• Records shown
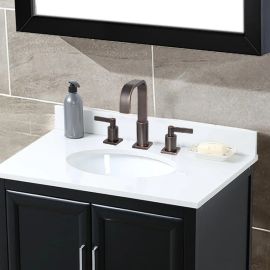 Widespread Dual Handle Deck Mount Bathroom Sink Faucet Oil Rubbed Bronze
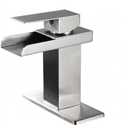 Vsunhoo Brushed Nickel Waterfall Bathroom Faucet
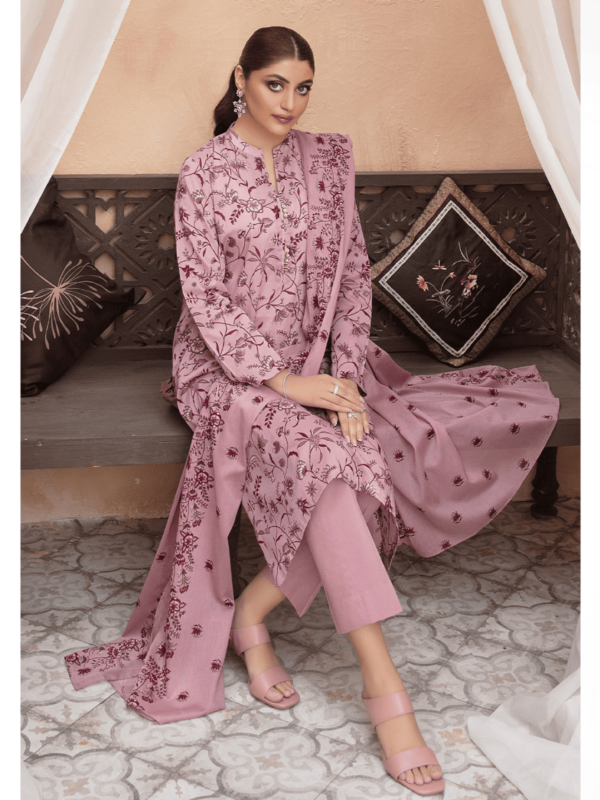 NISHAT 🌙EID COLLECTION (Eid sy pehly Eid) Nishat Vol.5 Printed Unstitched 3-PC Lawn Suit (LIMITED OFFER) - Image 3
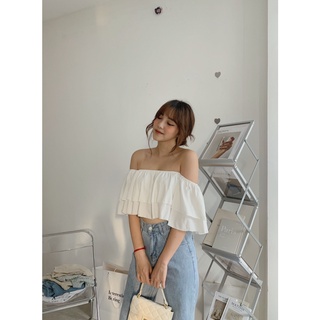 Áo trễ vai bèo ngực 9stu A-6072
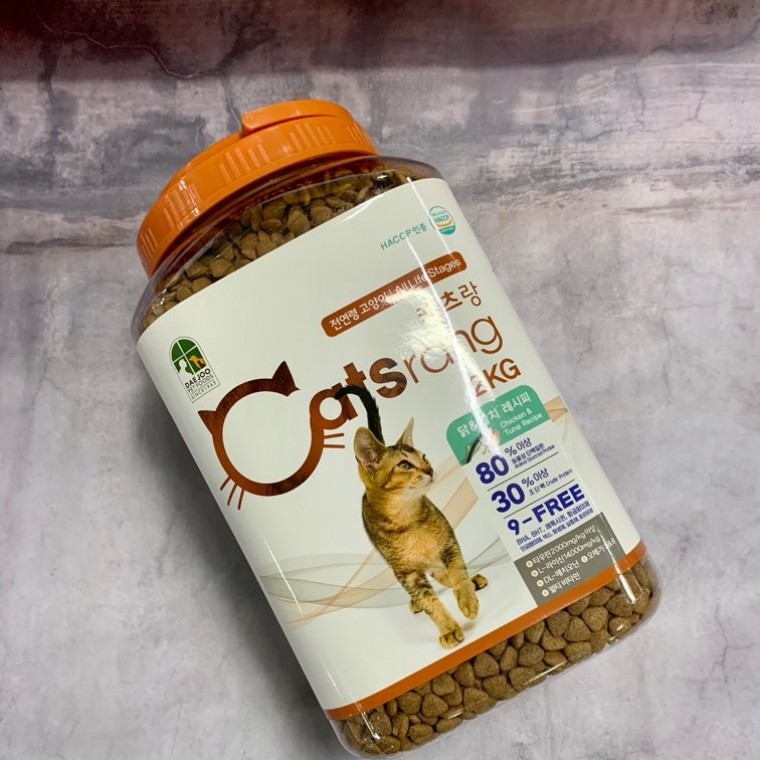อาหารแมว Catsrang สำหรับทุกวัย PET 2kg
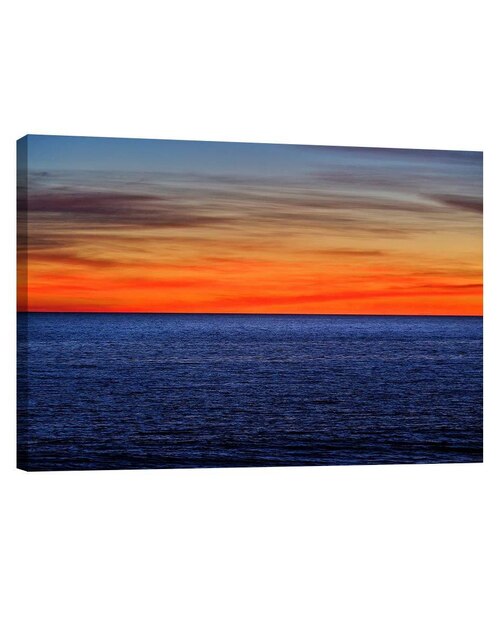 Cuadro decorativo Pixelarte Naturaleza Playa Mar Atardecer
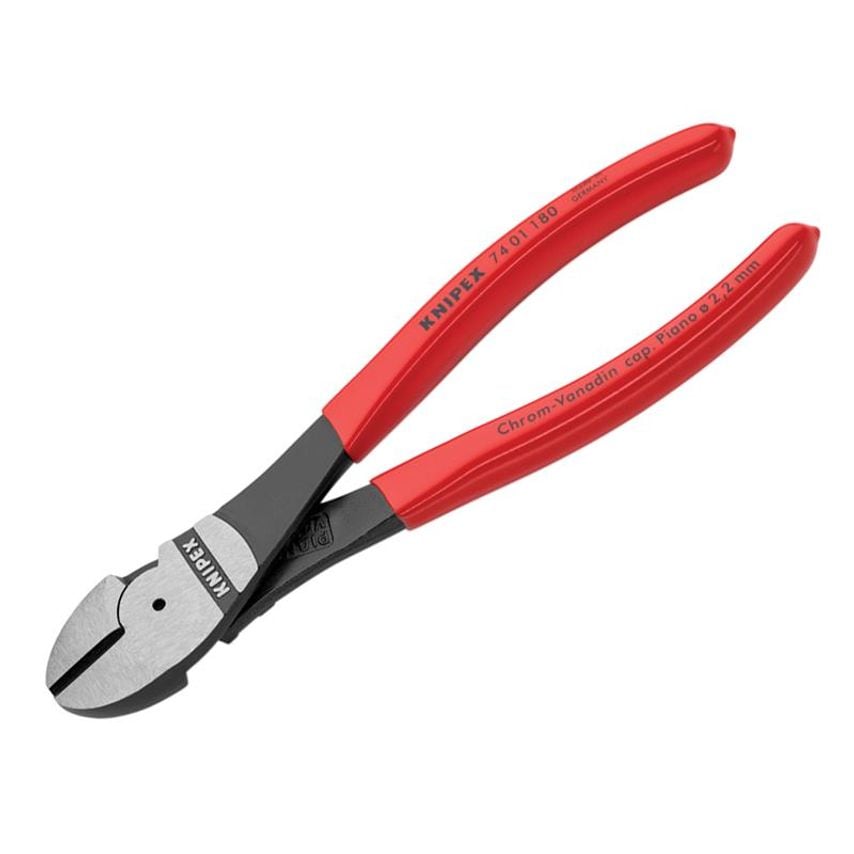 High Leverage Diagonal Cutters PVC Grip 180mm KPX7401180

• Task directions
Leaving aside every picture, transcribe exactly the lines that run from the one with "NISHAT 🌙EID COLLECTION" to the close of the listing above.

• Your solution
 NISHAT 🌙EID COLLECTION (Eid sy pehly Eid) Nishat Vol.5 Printed Unstitched 3-PC Lawn Suit (LIMITED OFFER) - Image 3
 Áo trễ vai bèo ngực 9stu A-6072
อาหารแมว Catsrang สำหรับทุกวัย PET 2kg
 Cuadro decorativo Pixelarte Naturaleza Playa Mar Atardecer
 High Leverage Diagonal Cutters PVC Grip 180mm KPX7401180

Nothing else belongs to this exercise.